One of Robert's favourite books was Catcher in the Rye by J.D. Salinger, so it must have been particularly gratifying for him to read in Newsweek that "if any author in the field can challenge J. D. Salinger or William Golding it is Robert Cormier." He died in 2000.

Leominster, Mass., USA; January 17, 1925


The Catcher in the Rye by J. D. Salinger

My L. C. Smith manual typewriter

When did you start writing?
I began writing at the age of twelve in the seventh grade when my teacher, a nun by the name of Sister Catherine, read one of my poems and declared, with an air of delight and astonishment, 'Robert, you're a writer.' I have been a writer since that moment.

My first short story was sold when I was nineteen and, again, a teacher played a vital role. Miss Florence Conlon, one of my college teachers, typed up one of my short stories without my knowledge, sent it to a national magazine and sold it, making me a professional writer.

Where do you get your ideas?
Ideas are everywhere, easy to find and develop into stories. But the idea that works for me must be linked to an emotion. In fact, the emotion comes first. Something happens that affects me emotionally, and sends me to the typewriter where I devise a character and set the plot in motion. This never varies: emotion, character, plot.

Can you give your top three tips to becoming a successful author?
1. Read. Read all the time. Every successful writer I've met has been a devoted reader.
2. Write. Sounds simple? Not really. You must write regularly, every day if possible. Difficult with the demands of school, classes, social life. But even if it's only writing down a bit of description, a simile or metaphor, an observation, on a regular basis, it's vital.
3. Stop, look, and listen. Open your pores to the world around you. People look but don't always see. Watch for the nuances, the moods of people and places.

Favourite memory?
Walking on the sidewalk in my own hometown, stopping at a store on Main Street and seeing my first novel on display in the window. A novel by Robert Cormier! The dream of a lifetime suddenly come true in an instant. The thrill remains and is constantly renewable with every book that appears, ever fresh and wonderful.

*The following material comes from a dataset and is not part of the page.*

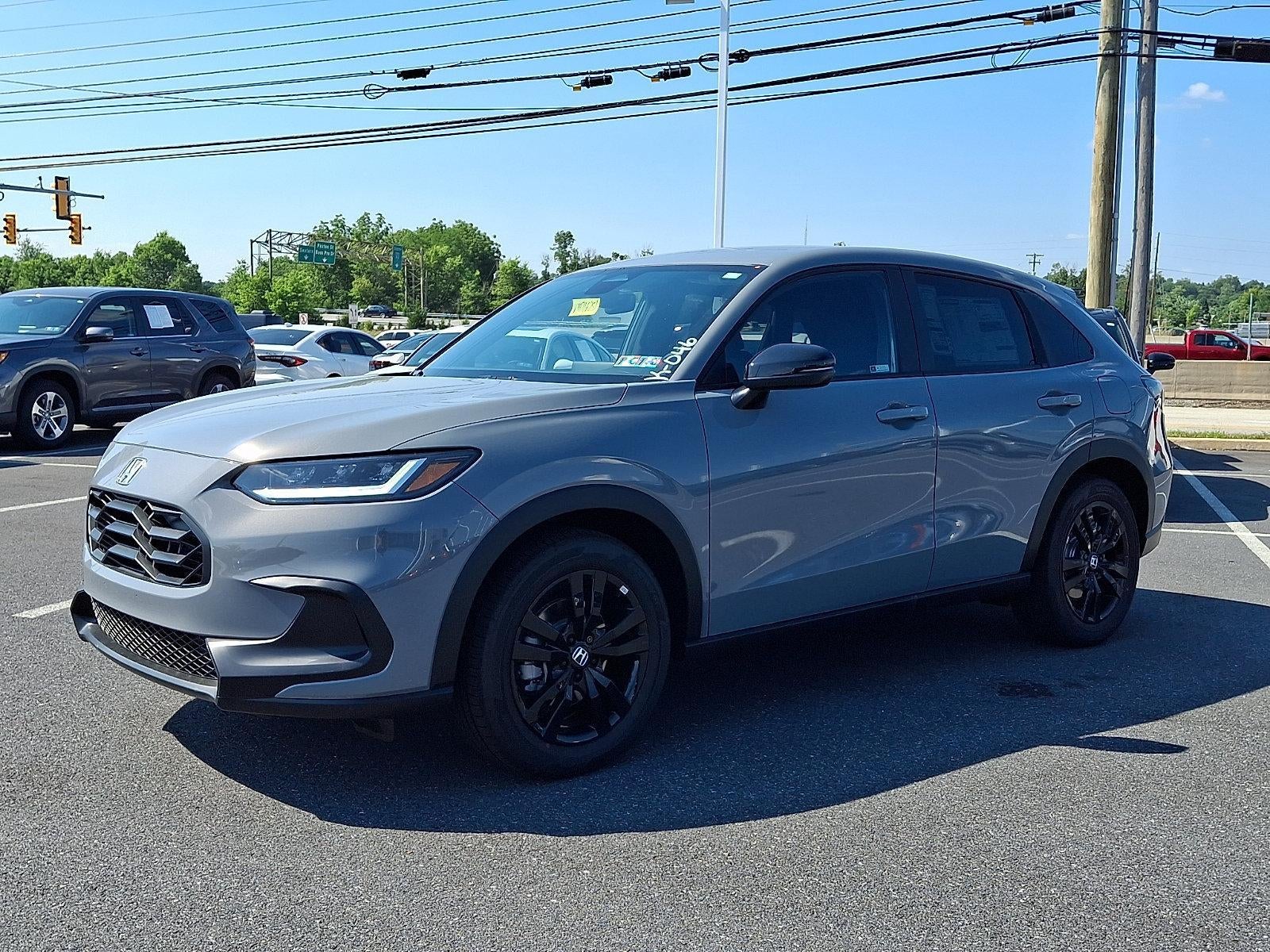 2027 Honda HR-V Sport AWD CVT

Favourite place in the world and why?
My hometown of Leominster, Massachusetts, USA, where I walk downtown on a Tuesday afternoon and might meet someone who was a classmate of mine in the second grade. The feeling of roots and tradition and a kind of security. Yet, I've travelled the world and have favourite cities and places Melbourne in Australia, London in England, the Normandy section of France.

What are your hobbies?
Reading, walking (briskly, two miles a day, when possible), listening to old-time jazz, movies.

If you hadn't been a writer, what do you think you would have been?
I hate to think of what my life would have been like without writing. I was a journalist for thirty years and loved my work. But outside of writing, I probably would have been happy doing something connected with books. Librarian? Book store owner? Perhaps.